Property tycoon's investments have doubled holding company's asset value to HK$100b
Lee Shau-kee - chairman of Hong Kong's third-largest property developer, Henderson Land Development - has garnered more fame for his stock-picking savvy than real estate investments in recent years.
Up high at Henderson's headquarters on the 76th floor of Two International Finance Centre are 10 plaques awarded by financial institutions such as Morgan Stanley and Merrill Lynch, dubbing Mr Lee as the 'God of Stock Investment'.
'Take a photo of them, one by one, starting from the far end,' Mr Lee, the second-richest man in Greater China, said during a photo session and an exclusive interview with the South China Morning Post. It all started in 2004, when Mr Lee set up Shau Kee Financial Enterprises with a portfolio of HK$50 billion.
Since then it has doubled to HK$100 billion, and Mr Lee has also earned a reputation as 'Asia's Warren Buffett'.
His advice is keenly followed by local retail investors, who in past years tended to pay more attention to another tycoon - Hutchison Whampoa's Li Ka-shing.
Take Country Garden Holdings, a Guangdong-based property developer scheduled to list in Hong Kong this month.
After Mr Lee named it as one of his four mainland property stock picks, Country Garden's initial public offering received HK$310 billion worth of retail orders, making it the second-most popular in Hong Kong after Industrial and Commercial Bank of China's listing in October last year.
His other picks - China Overseas Land and Investments, Guangzhou R&F Properties, Agile Property Holdings and China Resources Land - have also surged, with R&F jumping 24 per cent.
Mr Lee said his success was not due just to luck, but was the result of prolonged study on global macroeconomic trends.
'This investment strategy can inspire many people,' he said.
His strategy - start by picking the right country and then choose stocks that are among that nation's pillar industries.
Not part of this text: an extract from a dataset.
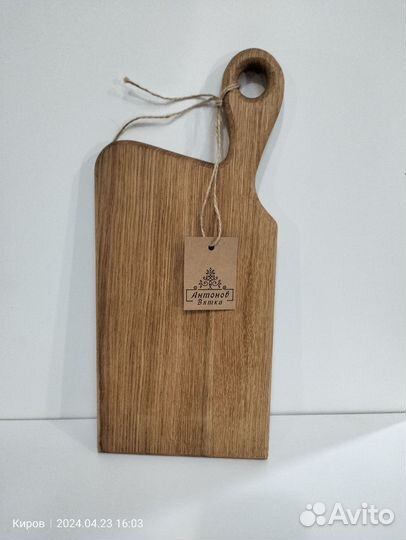 Доска разделочная из массива дуба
'I am always pessimistic about the US economy. It may look good on the surface but underneath it's another story,' Mr Lee said. 'Only emerging markets will see high growth potential. Among them, China is the best.'
Mr Lee also said investors should always pay close attention to the changing market situation.
'Investing in banking and insurance stocks is good but prices of these stocks have surged since last year and it is about time to invest in mainland property stocks,' he said.
'When Japan's economy turned a few years ago, I invested in banking stocks and these shares have surged. For every dollar of principal investment, the result has been a two-dollar gain.'
After the gains in the Japanese market, Mr Lee refocused on the mainland, snapping up insurance and banking stocks during their offerings in Hong Kong.
Mr Li used the principal and the profit to make his forays.
'These shares rose two to three times. My one dollar invested in Japan's banking stocks then grew to nine dollars.'
Mr Lee said the banking and insurance companies - mainly state-owned enterprises such as China Life Insurance, Bank of China, Bank of Communications and ICBC - remained a part of Shau Kee Financial's portfolio.
Now, given the strong demand for housing in the mainland, Mr Lee expects related stocks to see 'several times growth'.
'I hope to double the size of Shau Kee Financial to HK$200 billion in the next two to three years.'
Apart from advice for the stock investor, Mr Lee also dispensed some tips for enterprises operating in Hong Kong.
'The US dollar will not go well because of its uncertain economic outlook. The Hong Kong dollar is pegged to the US dollar, so its prospects will not be promising either.
'If you are in the financial industry and not a property developer, you should convert your money into a basket of foreign currencies, mainly Australian dollars and Japanese yen,' he said.